Chamber Choir Sireen launches new record ({{commentsTotal}})

Estonian Chamber Choir Sireen recently launched its debut album "Terra Incognita" with a special concert at the House of the Blackheads in Tallinn's medieval Old Town. The album, the recording and release of which was financed via Estonian crowdsourcing platform Hooandja, includes songs performed by the women's chamber choir in English, Estonian, Russian as well as Hebrew. Ave Palm of Estonian cultural blog provided an overview of Sireen's recent release.

The launch of debut album "Terra Incognita" by Chamber Choir Sireen took place in the House of Blackheads in Tallinn's Old Town. The concert was accompanied by specially created visuals, matching those from the album design, as well as a light show which created the perfect atmosphere for the concert. The performance was also enriched by choreography, with the choir using the entire space and moving around the audience. The sequence of the songs, while different from that of the record itself, created a continuous whole. It is great to have such an innovative and professional choir in Estonia.

The record launch was financed via Estonian crowdfunding platform Hooandja, where donations ended up exceeding the album's original budget. Based on the amount pledged, supporters received a free ticket and priority entry to the record launch concert, a free copy of the album as well as an invitation to the launch's afterparty. A photo session in which the singers posed as mermaids was organized for the launch, and a reflector brooch with a design matching the album artwork was produced for sale as well.

The album art depicts the common grounds of mystery, water, femininity and terra incognita — "unknown territory" in English. A colorfully glowing mermaid tail is intriguingly displayed, and the insert features girls with flowing hair, song lyrics in English, Estonian, Russian and Hebrew as well as different details abut the making of the record.

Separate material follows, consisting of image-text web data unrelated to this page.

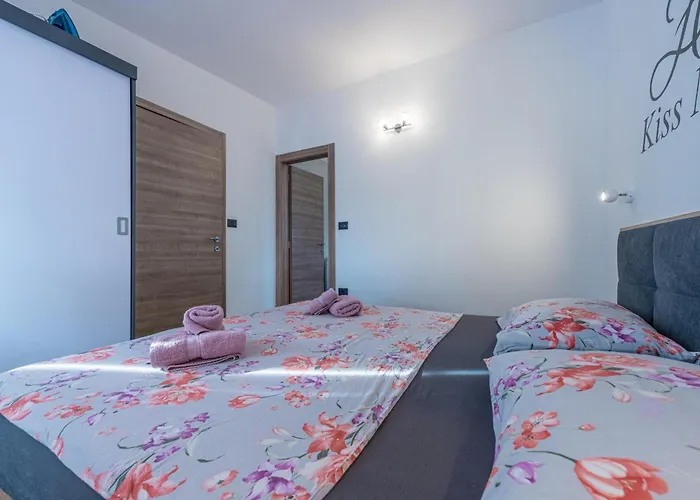 Georgine Mit Pool Holiday home *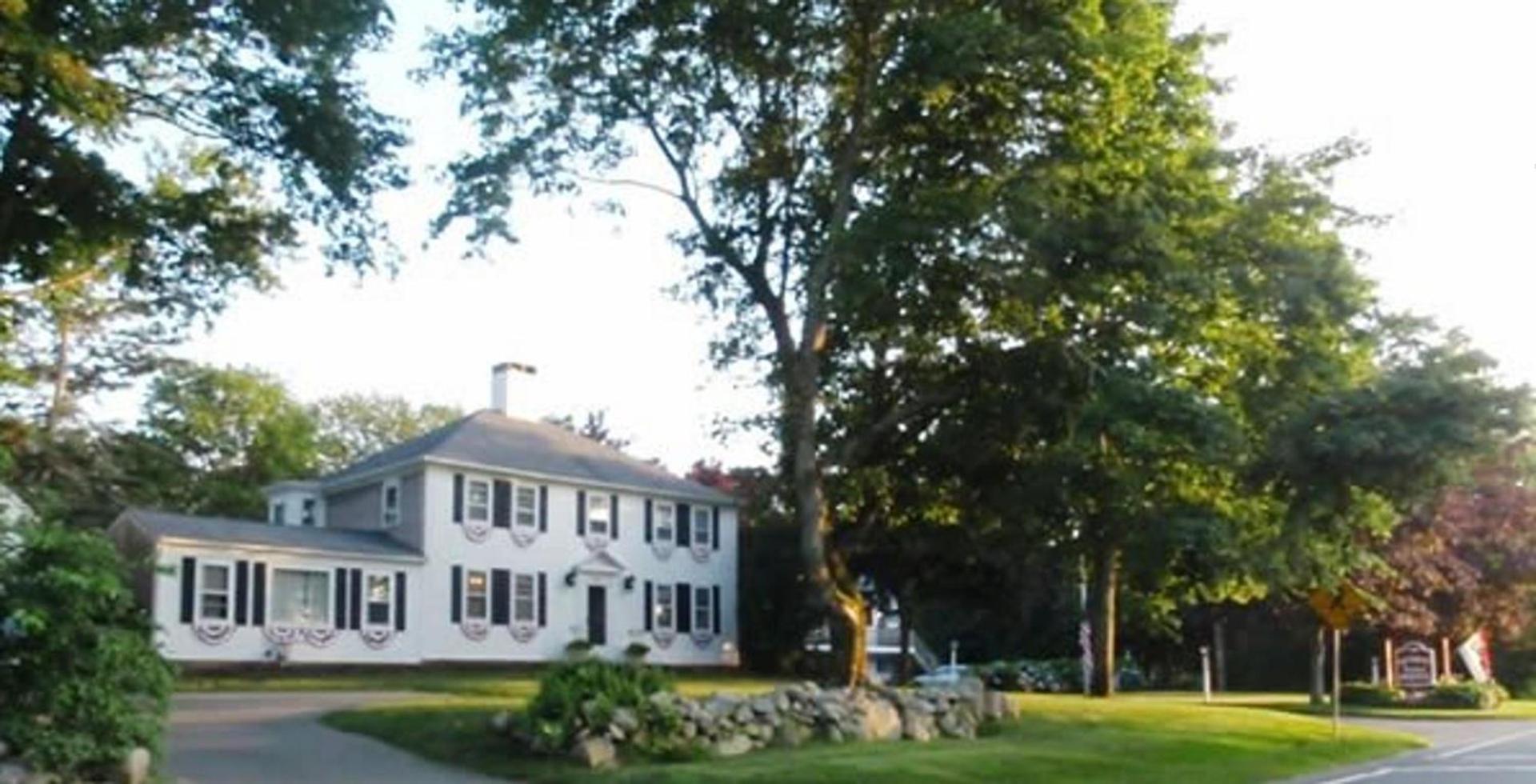 Sesuit Harbor House photo 26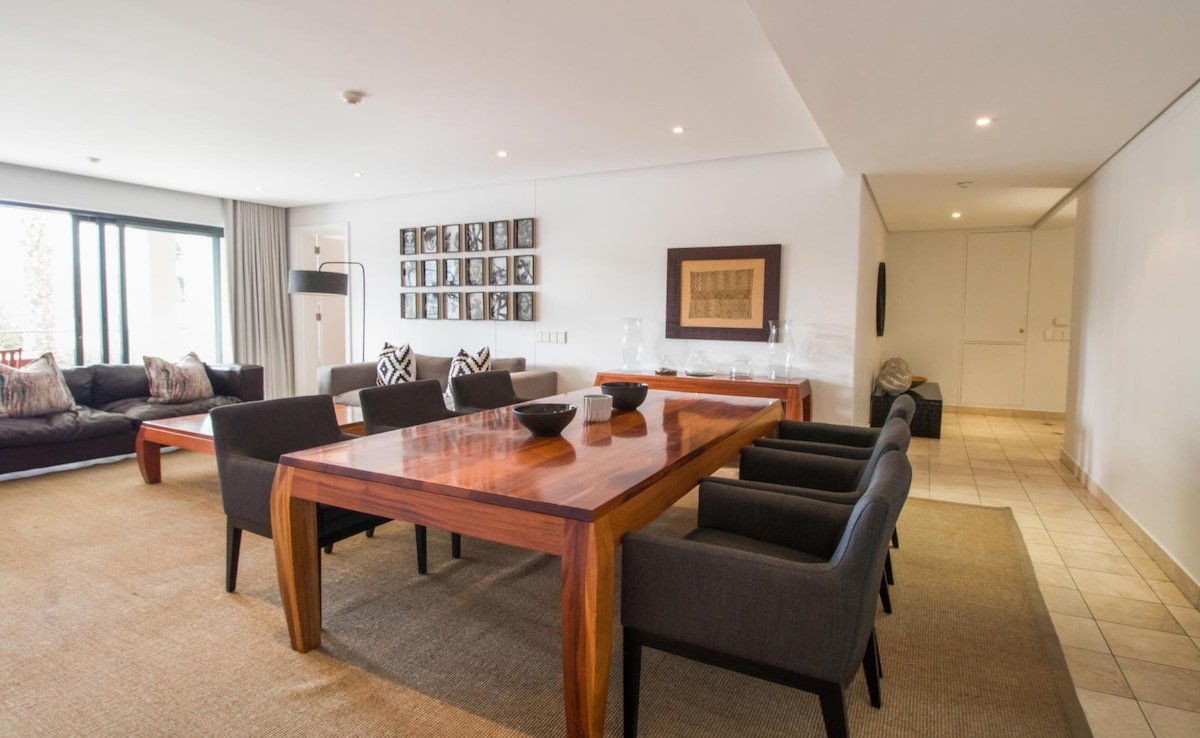 Exquisite 2-Bed waterfront living! gallery image 5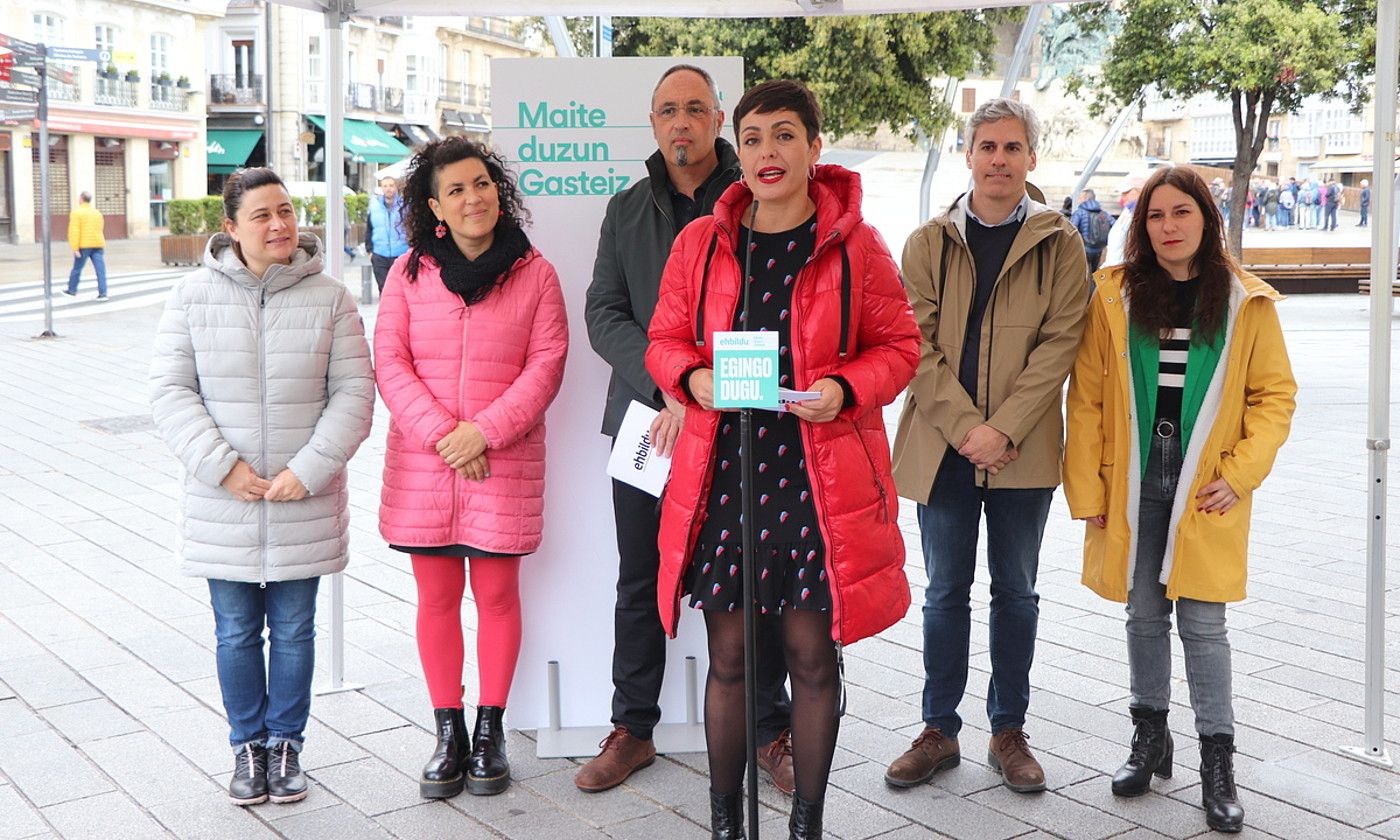 Rocio Vitero eta Felix Gonzalez, EH Bilduren Gasteiz eta Arabako zenbait hautagairekin, atzo, Gasteizen. EH BILDU.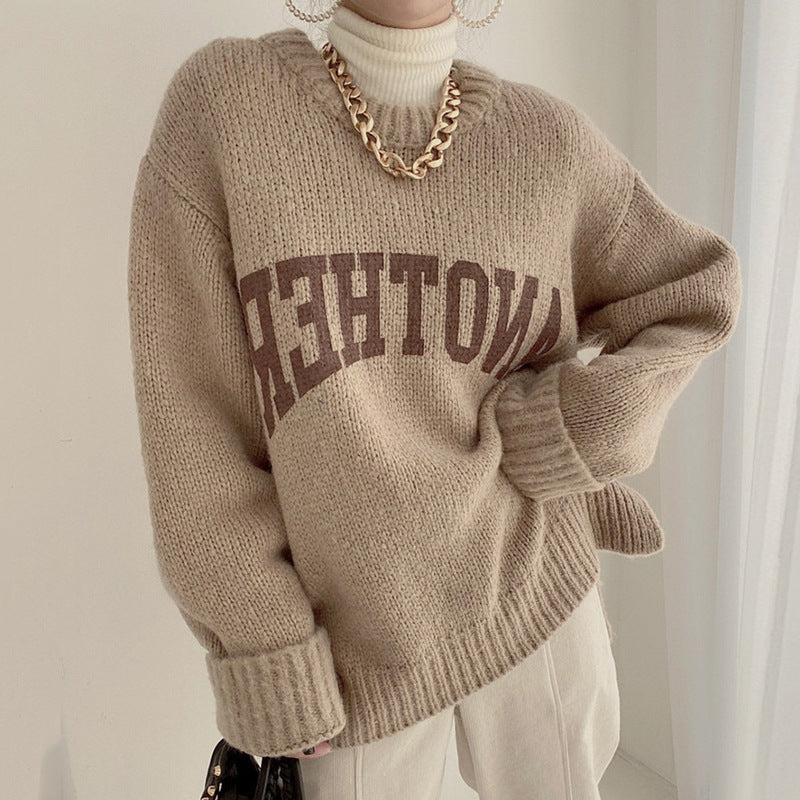 Damen Oversized Pullover mit auffälligem Schriftzug und gestricktem Muster EB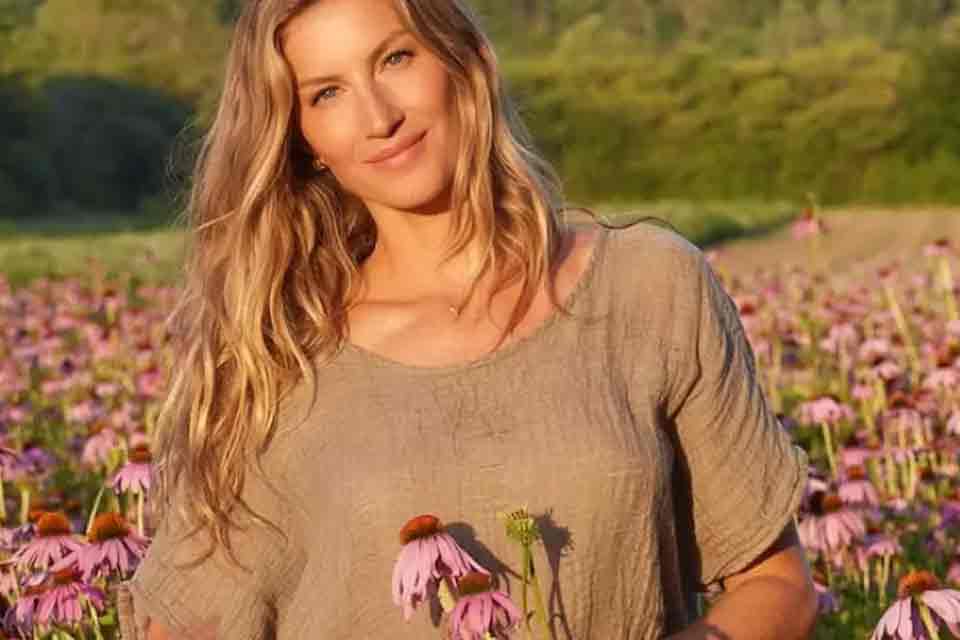 Gisele Bündchen dá à luz terceiro filho, o primeiro com Joaquim Valente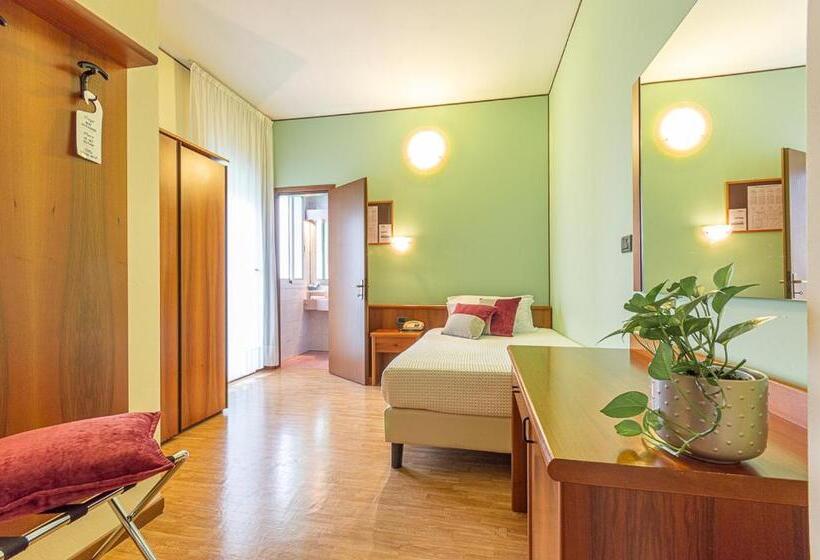 اتاق استاندارد یک نفره, Terme Paradiso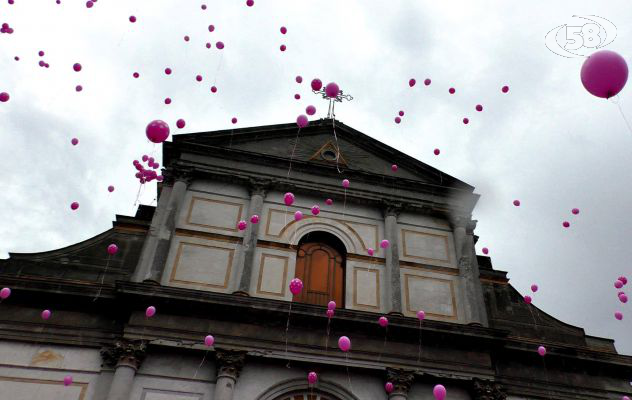 In duemila per la ''camminata rosa'': in marcia contro il cancro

The decision to sing in different languages supports the concept of "Terra Icnognita." Listening to unknown languages inspires a desire to understand their very nature and examine the meanings, but at the same time to admit that not everything can be understood; that there are things which remain hidden.

The songs on the record did not demand much guesswork. The album insert includes Estonian lyrics as well as information on the prevaling themes of these songs. They are about girls and boys; alluring dance and beautiful gentleness; a spotless sky and land of peace and balance; junipers and harmonious seashells; regret, tenderness and love. The selection is versatile, yet still entirely suited to the choir's sirens. The message expresses the hidden sides of the world; the unknown, yearning mystery. The women's voices caress the ears, crawl under one's skin, make one long for something unfathomable — something beyond the limits of the mind. What is it that we cannot see but which has inspired similar legends in different places all over the world? It is extremely interesting to wonder what is hidden behind the protective screen of everyday life. It is somehow easy to find one's way into such reflections to the sounds of Sireen's new record, whose sounds and message help and direct one on this journey of the mind.

Exceptional unearthliness and tenderness, but also strength and confidence, have been charmed out of the members of the choir, for which its two conductors, Tiiu Sinipalu and Ülle Tuisk, must be praised. There is no questioning whether the singers know their part; everything is intuited and polished to the last detail. Different voices move together and then apart, only to dissolve into each other once again. In addition to songs performed a cappella, different instruments as well as two-member band Algorütmid, which seeks connections between reality and soud, can be heard. The two songs created in collaboration with the musical duo intrigue the listener by juxtaposing electronic sounds as well as offering new cognitive elements to one another.

In conclusion, the record is well intuited and targeted inside and out; it is a real pleasure to listen to. Songs that proved especially memorable were "Kadakad" ("Junipers") by Lembit Veevo and Debra Vaarandi, "Tasase maa laul" ("Song about a Level Land") by Veljo Tormis and Paul-Erik Rummo and arranged by Tõnu Kõrvits, "Kalà Kallà," based on Hebrew love songs, and "Cожаленья" ("Regret"), presented in collaboratin with Algorütmid.